The Fisherman in Columbia Pictures I KNOW WHAT YOU DID LAST SUMMER.(Matt Kennedy)
Legacy sequels are often pretty lame and desperate attempts to drum up some nostalgia bucks, but they can sometimes be good. The 2022 Scream film is such an example, and as far as I’m concerned, officially put a dagger into the subgenre with its razor-sharp commentary. How fitting for I Know What You Did Last Summer, which was originally produced to capitalize off Scream, to get a legacy sequel of its own. Living up to its 1997 inspiration, I Know What You Did Last Summer misses the point of Scream entirely, giving us a generic slasher flick without any clever commentary. Unlike its original counterpart, though, this new I Know What You Did Last Summer is the epitome of pathetic. A slasher so lacking in suspense and scares that you could probably give a toddler a camera and have them run around a backyard at night, and you’d get something scarier than this.

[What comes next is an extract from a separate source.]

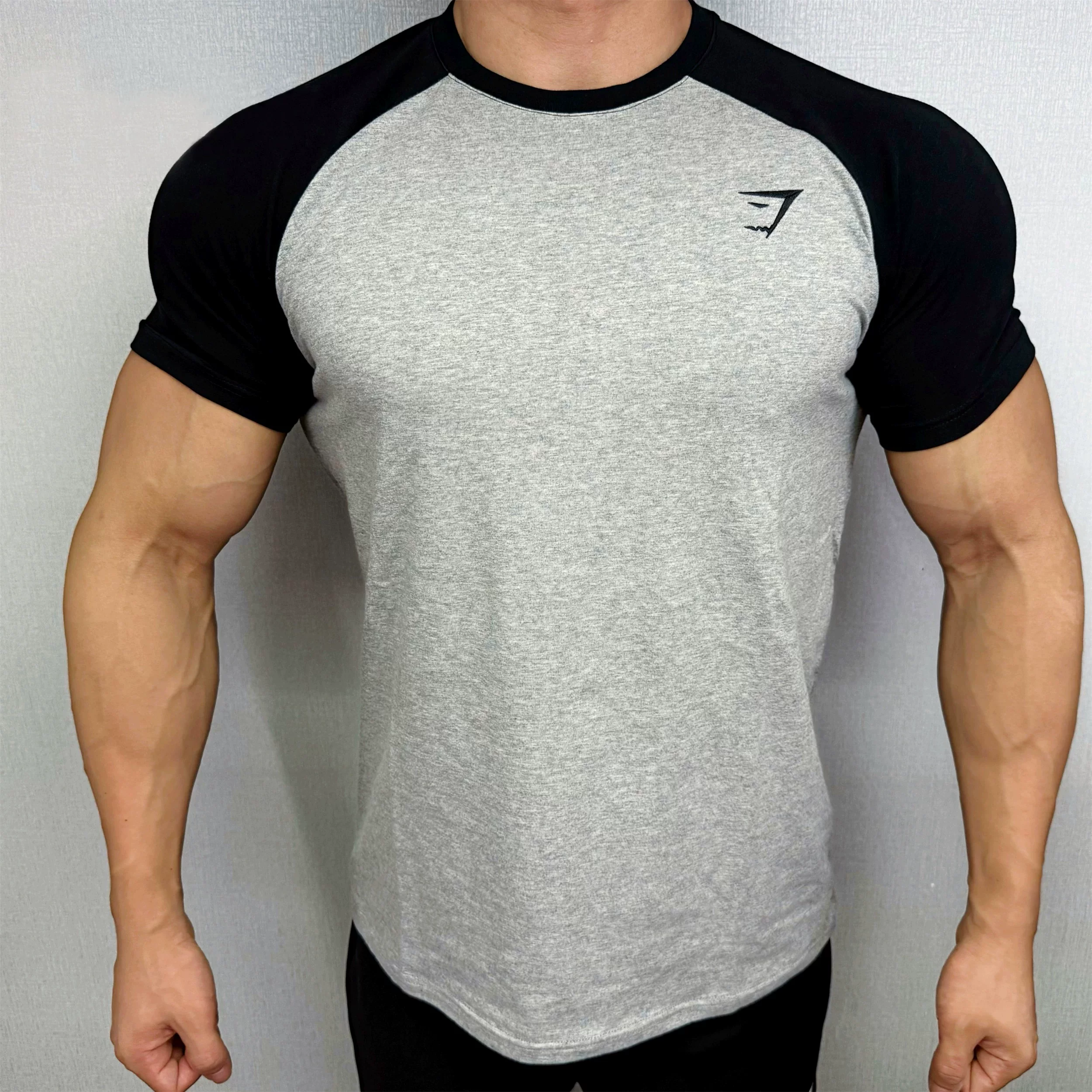 Gymshark Raglan Color-Blocked Short-Sleeved Men's Sports Casual Fitness Slim Fit Elastic Embroidered Logo Raglan Sleeve T-Shirt Foto QC de TAOBAO na Qualit.ly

And don’t even get me started with that dialogue…
D-Rex in JURASSIC WORLD REBIRTH, directed by Gareth Edwards.(Universal Pictures and Amblin Entertainment)
When people say, “Hollywood has no new ideas anymore,” they’re referring to movies like Jurassic World Rebirth. There’s not one original bone in this movie’s fossilized body; every single piece raided from better movies that are actually creative. If you told me Jurassic World Rebirth was a test to gauge if audiences would be okay with watching movies made completely by generative AI, I’d believe it. Even Scarlett Johansson knew what kind of dreck she was in, phoning her performance in through a tin can connected to a string. It’s up there with Dakota Johnson in Madame Web for a performance so bad, it has to be on purpose. I think it’s time for dinosaurs to go extinct again as they’ve more than worn out their welcome.
(from left) Marvin Gable (Ke Huy Quan) and King (Marshawn “Beastmode” Lynch) in Love Hurts, directed by Jonathan Eusebio.(Allen Fraser/Universal Pictures)
It’s never fun watching two recent Academy Award winners being forced to act in trash right after winning the crowning achievement of their career, but Love Hurts may be the worst offender yet. The fact that Ke Huy Quan and Ariana DeBose starred in a movie this dreadful hot off the heels of their Oscar wins is nothing short of an insult to both of them. Thankfully, Everything Everywhere All at Once and West Side Story will stand the test of time while Love Hurts rightfully falls by the wayside. If that’s not enough, Love Hurts is also an insult to action movie junkies, giving us one of the most incomprehensible and unpleasant action films in recent memory.
Maddie Hasson in BONE LAKE.(Bleecker Street)
What happens when a small crew of filmmakers and actors go out to a house in the middle of the woods to shoot a horror movie on a small budget? Well, you get The Evil Dead, one of the greatest horror movies ever made!
But you also get movies like Bone Lake, one of the worst movies I’ve ever seen in my entire life. It’s a movie you’ve probably never heard of until now. Well, now you have, and now you know to avoid it! An exercise in tastelessness horrendously lacking in any sort of filmmaking skill or craftsmanship, the people who made this movie had NO idea what they were doing. The ones left to pick up the pieces are the poor actors, none of whom are good, but when their own filmmakers don’t even understand their own movie, what can they really do? Bone Lake presents itself as a movie that’s wanting to push the envelope, yet it can’t even write a simple letter.